In sum, the ALJ provided a supported rationale to discount (or, given the limitation to no team or tandem tasks, to partially discount), Dr. Haskins' opinion that Plaintiff could have only superficial interactions with others. And this Court finds that rationale is supported by substantial evidence.
Team or Tandem Tasks
Plaintiff also objects to the R&R's assertion that the limitation to no tandem tasks or teamwork adequately accounted for any superficial interaction limitation. (Doc. 11, at 3). She contends this speaks only to interactions with coworkers but not to interactions with supervisors or the public.
First, as discussed above, the Court finds the ALJ provided an adequate explanation for partially discounting the superficial interaction limitation. Second, an ALJ is not required to adopt every limitation opined by a physician, even if she finds such an opinion persuasive. See Reeves v. Comm'r of Soc. Sec., 618 Fed.Appx. 267, 275 (6th Cir. 2015). Third, the Court agrees with the R&R's conclusion that the ALJ's mental RFC - limiting Plaintiff to “occasional interaction with the general public, supervisors and coworkers with no team or tandem tasks” (Tr. 19) - adequately accounts for Plaintiff's mental limitations and is supported by substantial evidence. Notably, the ALJ did not say she was entirely rejecting the superficial interaction limitation, but said she found the evidence “did not fully support” such a limitation. She explained that the RFC “restricts the claimant to no team or tandem tasks with coworkers to accommodate anxiety and panic disorder, and it allows for occasional interaction with supervisors, coworkers, and the general public.” (Tr. 24).
Courts have found limitations to no team or tandem tasks properly account for a limitation on superficial interactions with others. See, e.g., Kearns v. Comm'r of Soc.
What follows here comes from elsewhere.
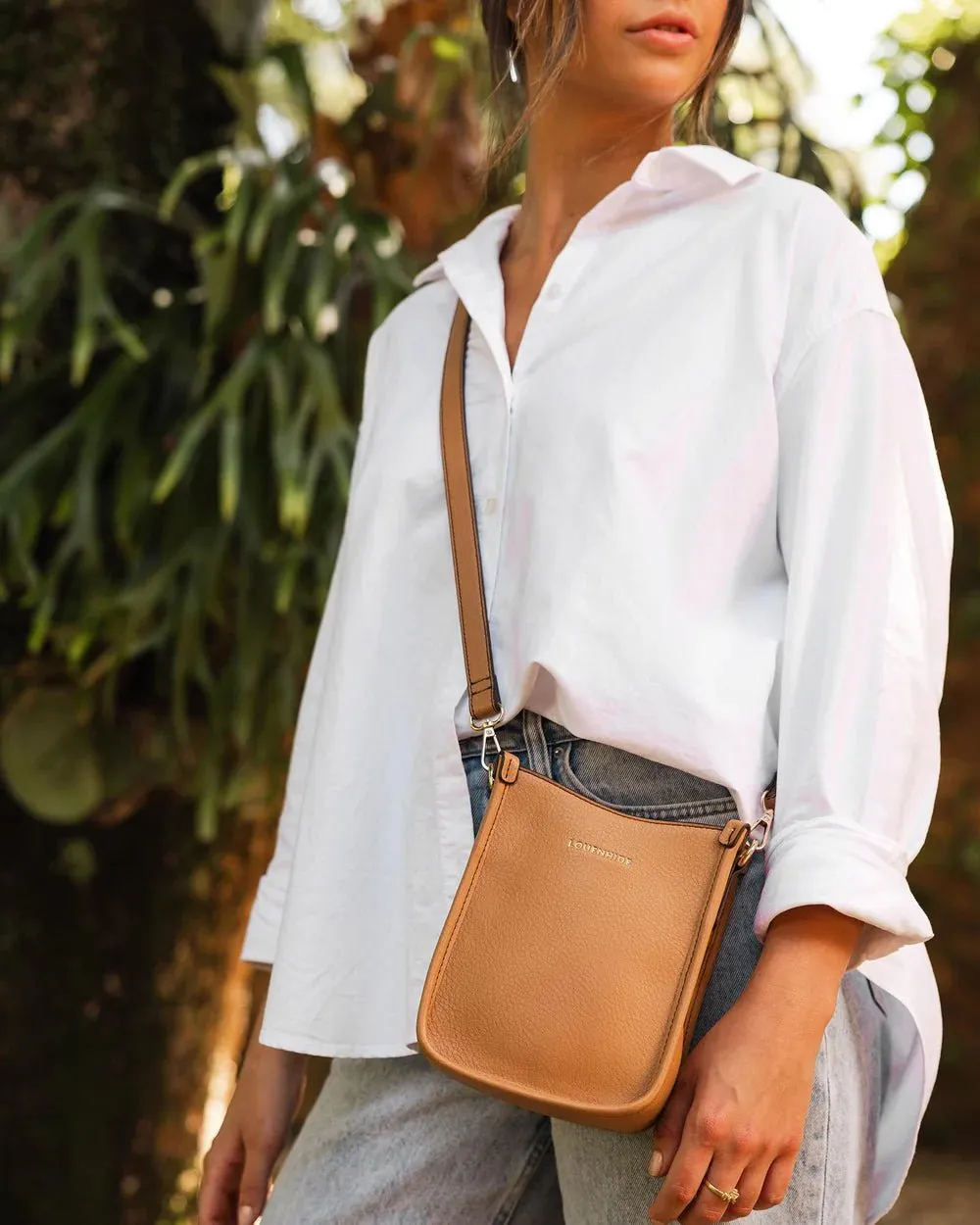 PARKER PHONE CROSSBODY BAG CAMEL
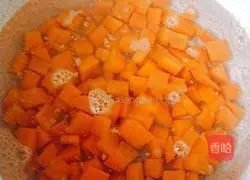 Illustration of how to make cold celery and peanuts 3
Sec., 2020 WL 2841707, at *12 (N.D. Ohio), report and recommendation adopted, 2020 WL 2839654 (“The ALJ's limitation to no team or tandem tasks is a qualitative limitation on social interaction and adequately addressed the opinion of Drs. Matyi and Finnerty that Kearns be limited to superficial interaction with others.”); Romo v. Comm'r of Soc. Sec., 2021 WL 5040385, at *7 (N.D. Ohio), report and recommendation adopted, 2021 WL 4437062 (“Here, since the ALJ limited Claimant to ‘no tandem work', such a limitation prevents him from working alongside coworkers and supervisors. It logically follows then that the only interaction that Claimant would have with his coworkers and supervisors would be superficial.”).
To Plaintiff's argument that such a limitation only speaks to interactions with coworkers, and not interactions with supervisors or the public: (1) the ALJ explained that neither Plaintiff's own testimony nor the letter from her employer identified significant problems interacting with supervisors at her part-time job; and (2) Dr. Delcour, the subsequent state agency reviewing physician, opined Plaintiff was not significantly limited in her ability to interact appropriately with the general public. (Tr. 123). Thus, the ALJ's RFC adequately accounted for both quantitative (“occasional”) and qualitative (“no team or tandem tasks”) limitations on Plaintiff's interactions with others. And the mental RFC is supported by substantial evidence - defined as “more than a scintilla of evidence but less than a preponderance . . . [and] such relevant evidence a reasonable mind might accept as adequate to support a conclusion”. Cutlip v. Sec'y of HHS, 25 F.3d 284, 286 (6th Cir. 1994).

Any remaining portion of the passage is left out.